Two scholarly and popular views exist on Sikh identity. One of them traces its beginning to the Sikh gurus (1469-1708) and its crystallisation during Ranjit Singh's rule (1799-1839). All this while, so runs the argument, the Sikh religious and cultural heritage ran parallel to, not always antagonistic with, Hinduism. The other interpretation underlines the Sikhs' fluid identity in the pre-colonial period and brings into sharp focus the role of the Tat Khalsa (the true Khalsa) leadership in heightening a separate and exclusive consciousness in the late 19th century. It is fair to argue, therefore, that neither Mr. Sudarshan nor any of his predecessors have understood the changing meanings of Sikh identity. They have sought to impose their own worldview, ignoring how Sikh ideologues have understood, categorised and defined their community over the centuries.

Guru Nanak (1469-1539) had rejected the authority of the Brahmans, spurned ritualism and repudiated idol worship. Through gurbani (guru's word), sangat (religious congregation) and guru ka langar (community meal) he endeavoured to fashion a radical theology and create a moral community. However, it was the initiative of the tenth Guru, Guru Gobind Singh (1666-1708), which endowed his followers with a distinct identity.

The Khalsa Sikhs, thereafter, vested the authority of the Guru in the Guru Granth Sahib and the corporate community. This was a defining moment, carried to its logical culmination by the Rahit (code of discipline).

By the closing decades of the 19th century, the Singh Sabha movement defined the boundaries of the Sikh community vis-a-vis the Hindus. Such moves were largely in response to the Arya Samaj movement's strident initiative to incorporate Sikhism within the Hindu fold.
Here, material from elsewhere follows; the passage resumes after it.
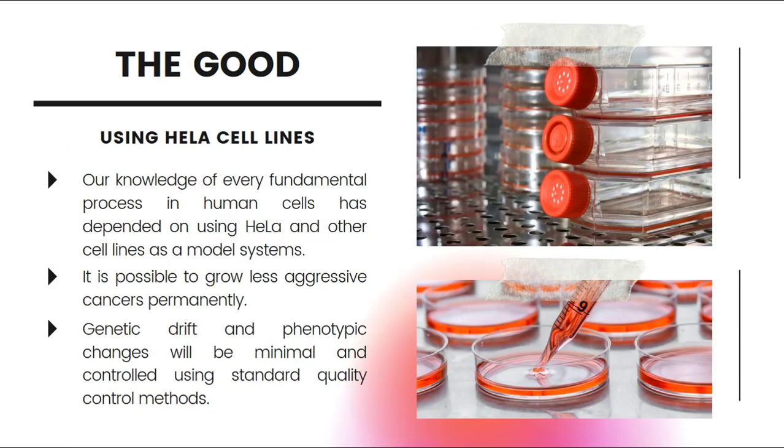Our knowledge of every fundamental process in human cells has depended on using HeLa cell lines as a model system. It is also possible to grow less aggressive cancers permanently. We can control the genetic drift and the phenotypic changes under strict lab conditions using standard quality control methods.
In opposition to its agenda, of promoting Hindi as the official vernacular language, the Sikh reformers championed Punjabi as the medium of education and the language of administration. Moreover, Hindu idols, which had been installed in the Golden Temple premises, were removed. Bhai Kahn Singh, a Sikh spokesman, wrote in 1899, "we are not Hindus". This sentiment was vividly expressed in the everyday lives and rituals. The Sikhs knew by now who they were not.
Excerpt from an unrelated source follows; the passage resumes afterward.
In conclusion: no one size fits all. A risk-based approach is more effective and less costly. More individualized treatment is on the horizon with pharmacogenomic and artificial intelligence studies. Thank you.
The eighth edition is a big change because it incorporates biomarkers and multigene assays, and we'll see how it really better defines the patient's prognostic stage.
Historically, the Sikhs have moved in and out of multiple identities. Yet, their quest for an exclusive identity was the most significant feature of their history in the last century. Although the meanings of identity have differed in certain contexts and in response to various challenges, the Sikhs have hardly ever integrated with any specific version of Hinduism. Consider, their demand for separate electorates (1917) and the role of the Gurdwara Reform movement. Thereafter, the Sikh Gurdwaras Act (1925) defined a Sikh as "a person who professes the Sikh religion", adding, "I solemnly affirm that I am a Sikh, that I believe in the Guru Granth Sahib, that I believe in the Ten Gurus, and that I have no other religion".

Before India's Independence, the Akalis tried to safeguard the political and cultural interests of their constituency. Thus, through the demand for `Azad Punjab' (1943) and for `Sikhistan' or `Khalistan' (1946), the Akalis sought to safeguard their interests as a distinct and unified entity. The Sikh leadership also mooted the idea of an `autonomous' Sikh area within Pakistan. Their ultimate acceptance of Punjab's Partition was, in fact, conditioned by such communitarian anxieties and aspirations.
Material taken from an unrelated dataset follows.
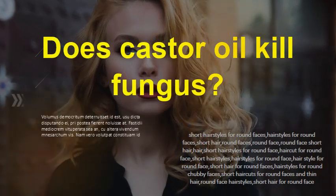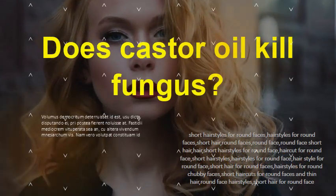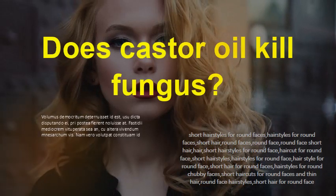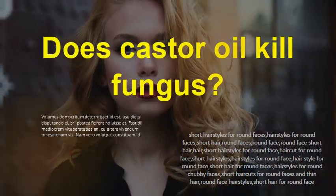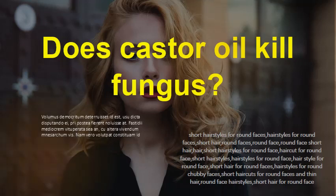Does castor oil kill fungus? Yes. The ricinoleic acid in castor oil has antibacterial properties that can be used for treating infections ranging from acne to athlete's foot. Even when only applied topically, it increases white blood cell count, which are the blood cells that fight off infections and kill fungi and viruses.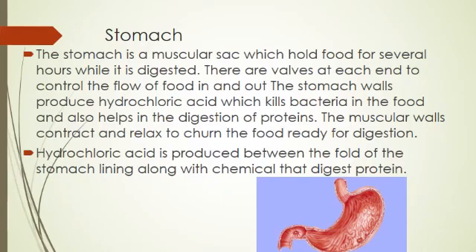The stomach produces hydrochloric acid which kills bacteria in the food — bacteria that are harmful for our body — and also helps in digestion of protein. The muscular wall contracts and relaxes to churn the food ready for digestion. Hydrochloric acid is produced between the folds of the stomach lining, along with chemicals that digest protein.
After Independence, various Sikh outfits have insisted on defining themselves and their followers as a `minority' living under the shadow of Hindu majoritarianism. This found expression in the demand for separate representation in the Constitution, and was followed by the movement for a State comprising Punjabi-speaking people. The demand for greater autonomy gathered momentum in the 1970s and 1980s, giving rise to the Khalistan movement itself. The Indian Army's assault on the Golden Temple in June 1984, according to Khushwant Singh, widened the Hindu-Sikh gulf, and gave the movement for Khalistan its first martyr in Jarnail Singh Bhindranwale.

The brutal anti-Sikh pogrom that followed the assassination of Indira Gandhi fuelled anti-Hindu sentiments, especially in parts of north India.

Identity rests on the notion of difference with the other(s). Yet, the other is not constant, and keeps changing. Thus, in the 18th century, the Muslims were the bete noire of the Sikhs. In the late 19th century, the `Arya Hindus' took their place. A century later, the British colonial state became the predominant antagonist.

At the time of Partition, the `Muslim' was endowed with a new kind of otherness, especially with the imaginary fear of Sikhs being subjected to Muslim rule. Finally, the `Hindu Congress' became the principal adversary in the 1980s.

The Sangh Parivar harps on all the others, but effaces the presence of the Hindu as other in the evolution and crystallisation of a specific Sikh identity. It denies the fact that if the Sikh communities had demonised the Muslims or the Congress in the past, they did so only to protect their own cultural identity and not to consolidate the Hindutva forces. Like the Muslims, the Sikhs have resisted the Hindutva project of absorption and sameness.

The Sangh Parivar's agenda, of suppressing the contested history and identity of the Sikhs as well as the Muslims, is ahistorical. It is also a contrived agenda, for it rests on a spurious notion of Hindu identity. The political language, as echoed by Mr. Sudarshan, is neither rooted in the historians' histories nor in the diverse communitarian narratives. Finally, his comment degrades the historians' histories, and ridicules a minority's own self-image and perceptions.

(The writer teaches history at Miranda House, New Delhi.)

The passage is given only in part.